The Magic of Cooking

 




    At the start of the academic year, I moved into my first apartment. Something I promised myself I would do was learn to cook. I don't mean putting mac and cheese in the microwave or putting a frozen pizza in the oven. I mean actually buying ingredients and following recipes to prepare a main course and maybe a few sides from time to time. I would say that about 10 months later, I have been somewhat successful, but not really where I want to be.

    I learned that cooking is hard for a variety of reasons. It takes time to plan out a meal, purchase ingredients, cook the courses, and serve them. It is a lot of work for about 15-20 minutes of eating, and when you work nights, it seems like a better option just to hit a drive thru on the way home. Something else I learned is that cooking is like magic. I remember taking a class a few years ago in the history department here called "History of Food in America" with Dr. Rebecca Sharpless (the sweetest woman on the planet). In that class, we talked about the process of grinding corn into tortillas known as nixtamalization.
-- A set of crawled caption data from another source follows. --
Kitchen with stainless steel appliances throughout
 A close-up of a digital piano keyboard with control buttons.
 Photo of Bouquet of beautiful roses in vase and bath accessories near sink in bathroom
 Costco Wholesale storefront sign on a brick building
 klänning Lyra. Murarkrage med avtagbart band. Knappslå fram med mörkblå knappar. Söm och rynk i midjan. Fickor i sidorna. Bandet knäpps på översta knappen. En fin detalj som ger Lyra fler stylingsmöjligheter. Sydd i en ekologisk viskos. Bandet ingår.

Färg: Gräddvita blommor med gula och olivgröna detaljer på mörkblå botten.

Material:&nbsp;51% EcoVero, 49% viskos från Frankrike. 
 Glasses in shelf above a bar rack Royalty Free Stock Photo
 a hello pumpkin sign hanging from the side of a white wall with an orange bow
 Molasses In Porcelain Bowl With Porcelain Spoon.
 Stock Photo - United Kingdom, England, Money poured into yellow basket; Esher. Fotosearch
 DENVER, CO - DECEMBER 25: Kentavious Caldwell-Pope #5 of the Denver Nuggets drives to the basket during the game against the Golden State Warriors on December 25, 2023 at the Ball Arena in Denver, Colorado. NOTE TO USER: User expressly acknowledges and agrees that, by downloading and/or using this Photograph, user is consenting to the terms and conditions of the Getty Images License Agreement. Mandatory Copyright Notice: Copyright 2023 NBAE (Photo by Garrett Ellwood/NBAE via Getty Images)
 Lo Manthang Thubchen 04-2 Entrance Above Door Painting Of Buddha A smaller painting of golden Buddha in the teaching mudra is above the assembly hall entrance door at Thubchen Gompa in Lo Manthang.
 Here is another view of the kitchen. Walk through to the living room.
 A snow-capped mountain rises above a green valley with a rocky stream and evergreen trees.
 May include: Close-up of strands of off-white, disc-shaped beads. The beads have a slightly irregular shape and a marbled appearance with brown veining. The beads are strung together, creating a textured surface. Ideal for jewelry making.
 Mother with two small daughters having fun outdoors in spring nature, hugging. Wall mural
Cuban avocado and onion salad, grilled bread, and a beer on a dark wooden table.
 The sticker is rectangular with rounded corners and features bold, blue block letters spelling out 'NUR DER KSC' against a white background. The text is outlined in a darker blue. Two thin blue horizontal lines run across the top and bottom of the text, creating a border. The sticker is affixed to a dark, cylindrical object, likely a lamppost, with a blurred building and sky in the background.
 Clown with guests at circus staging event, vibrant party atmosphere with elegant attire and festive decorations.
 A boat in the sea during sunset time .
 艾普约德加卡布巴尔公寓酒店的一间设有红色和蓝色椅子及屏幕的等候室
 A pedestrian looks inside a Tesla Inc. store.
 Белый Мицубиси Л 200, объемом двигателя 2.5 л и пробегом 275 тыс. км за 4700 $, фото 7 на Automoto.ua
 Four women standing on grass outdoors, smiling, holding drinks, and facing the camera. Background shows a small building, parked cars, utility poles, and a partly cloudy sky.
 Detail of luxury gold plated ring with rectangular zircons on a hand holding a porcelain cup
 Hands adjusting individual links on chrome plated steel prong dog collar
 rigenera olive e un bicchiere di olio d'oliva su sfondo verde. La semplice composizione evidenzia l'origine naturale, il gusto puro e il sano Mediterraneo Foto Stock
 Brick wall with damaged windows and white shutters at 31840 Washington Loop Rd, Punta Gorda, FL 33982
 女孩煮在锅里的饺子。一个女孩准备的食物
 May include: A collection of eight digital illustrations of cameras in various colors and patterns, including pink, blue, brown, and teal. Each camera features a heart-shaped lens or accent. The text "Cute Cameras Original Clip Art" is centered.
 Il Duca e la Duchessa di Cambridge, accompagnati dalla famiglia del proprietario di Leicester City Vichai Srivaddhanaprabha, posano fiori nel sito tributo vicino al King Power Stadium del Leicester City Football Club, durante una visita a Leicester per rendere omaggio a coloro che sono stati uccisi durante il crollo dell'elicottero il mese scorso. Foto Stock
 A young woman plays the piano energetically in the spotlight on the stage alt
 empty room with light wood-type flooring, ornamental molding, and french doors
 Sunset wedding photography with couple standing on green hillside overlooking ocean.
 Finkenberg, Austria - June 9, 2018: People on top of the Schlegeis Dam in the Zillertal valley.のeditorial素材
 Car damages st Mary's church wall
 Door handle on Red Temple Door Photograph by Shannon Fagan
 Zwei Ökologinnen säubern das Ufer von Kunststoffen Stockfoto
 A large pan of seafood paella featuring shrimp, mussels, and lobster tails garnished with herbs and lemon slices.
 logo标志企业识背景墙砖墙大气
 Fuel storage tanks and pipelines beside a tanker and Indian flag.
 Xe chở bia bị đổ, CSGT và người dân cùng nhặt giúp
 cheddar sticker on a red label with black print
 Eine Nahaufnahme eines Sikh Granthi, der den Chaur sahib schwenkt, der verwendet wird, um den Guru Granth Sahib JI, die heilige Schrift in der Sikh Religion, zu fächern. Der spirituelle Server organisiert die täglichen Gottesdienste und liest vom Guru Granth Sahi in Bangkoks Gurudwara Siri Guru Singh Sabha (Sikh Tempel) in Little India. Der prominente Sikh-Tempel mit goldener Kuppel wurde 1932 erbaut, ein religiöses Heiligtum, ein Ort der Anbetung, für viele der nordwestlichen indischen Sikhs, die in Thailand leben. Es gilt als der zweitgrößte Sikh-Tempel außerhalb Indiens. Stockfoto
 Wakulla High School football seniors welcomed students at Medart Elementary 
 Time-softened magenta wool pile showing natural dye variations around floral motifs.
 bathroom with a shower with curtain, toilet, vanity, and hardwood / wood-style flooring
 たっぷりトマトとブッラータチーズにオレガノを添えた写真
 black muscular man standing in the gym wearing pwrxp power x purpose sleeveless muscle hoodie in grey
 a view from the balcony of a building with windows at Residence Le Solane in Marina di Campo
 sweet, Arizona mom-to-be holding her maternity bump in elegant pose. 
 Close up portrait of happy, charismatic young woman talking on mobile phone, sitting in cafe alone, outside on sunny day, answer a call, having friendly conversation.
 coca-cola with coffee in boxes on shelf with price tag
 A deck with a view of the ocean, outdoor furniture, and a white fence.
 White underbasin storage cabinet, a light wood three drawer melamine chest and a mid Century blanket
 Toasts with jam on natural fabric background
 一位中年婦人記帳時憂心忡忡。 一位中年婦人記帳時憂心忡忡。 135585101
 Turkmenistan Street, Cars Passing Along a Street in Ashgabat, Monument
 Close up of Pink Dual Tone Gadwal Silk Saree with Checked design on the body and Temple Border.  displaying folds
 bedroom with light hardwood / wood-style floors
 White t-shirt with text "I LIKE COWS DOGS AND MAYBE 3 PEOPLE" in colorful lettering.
Before modern technology, it involved soaking the corn in an alkaline solution, typically water mixed with lime and ashes, and then grinding the composition against a grindstone. I remember thinking, "How the hell did anyone figure that out?!" 

    The truth is, cooking is a form of alchemy, similar to the creation of potions. Over hundreds and thousands of years, humans have learned what different ingredients do when mixed together. But cooking goes beyond that. The mixture of different ingredients combined with cooking food with different techniques and at different temperatures, have resulted in the limitless possibilities of meal preparation. I feel that we often take this process for granted. It took the efforts of many generations before us to figure out what was safe to eat, what wasn't, and how to make the things we eat taste delicious. It is even more fascinating to consider that if someone wanted to experiment with using new ingredients or cooking techniques, that they could have been accused of practicing witchcraft! I'm still not sure how people figured out how to cook. It is alchemy, it is science, and it is truly magical. And in my case, it is too hard. I'll let the witches continue to make my food.